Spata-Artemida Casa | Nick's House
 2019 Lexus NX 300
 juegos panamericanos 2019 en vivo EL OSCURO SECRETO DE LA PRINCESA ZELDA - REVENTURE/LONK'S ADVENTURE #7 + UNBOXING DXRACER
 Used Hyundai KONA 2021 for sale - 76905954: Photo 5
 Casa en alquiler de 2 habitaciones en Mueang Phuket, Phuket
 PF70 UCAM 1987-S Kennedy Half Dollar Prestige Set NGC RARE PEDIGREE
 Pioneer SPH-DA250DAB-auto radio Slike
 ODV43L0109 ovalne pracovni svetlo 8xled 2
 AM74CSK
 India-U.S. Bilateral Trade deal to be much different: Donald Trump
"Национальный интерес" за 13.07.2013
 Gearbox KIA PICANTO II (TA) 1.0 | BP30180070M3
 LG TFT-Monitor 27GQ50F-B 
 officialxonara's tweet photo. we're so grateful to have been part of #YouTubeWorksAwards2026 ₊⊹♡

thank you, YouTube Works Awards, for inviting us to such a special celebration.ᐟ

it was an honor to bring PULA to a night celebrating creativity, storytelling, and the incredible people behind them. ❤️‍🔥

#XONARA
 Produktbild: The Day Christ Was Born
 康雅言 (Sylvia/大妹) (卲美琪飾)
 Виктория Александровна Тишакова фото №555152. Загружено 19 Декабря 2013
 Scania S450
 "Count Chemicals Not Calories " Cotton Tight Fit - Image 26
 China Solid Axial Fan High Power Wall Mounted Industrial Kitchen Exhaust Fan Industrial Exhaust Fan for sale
◆ ◆ ◆ ◆ ◆
## [WHAT TO PRODUCE]
Only lines with the word "sale" are needed. Copy them from the preceding records.

## [ANSWER TO THIS PROBLEM]
 Used Hyundai KONA 2021 for sale - 76905954: Photo 5
 China Solid Axial Fan High Power Wall Mounted Industrial Kitchen Exhaust Fan Industrial Exhaust Fan for sale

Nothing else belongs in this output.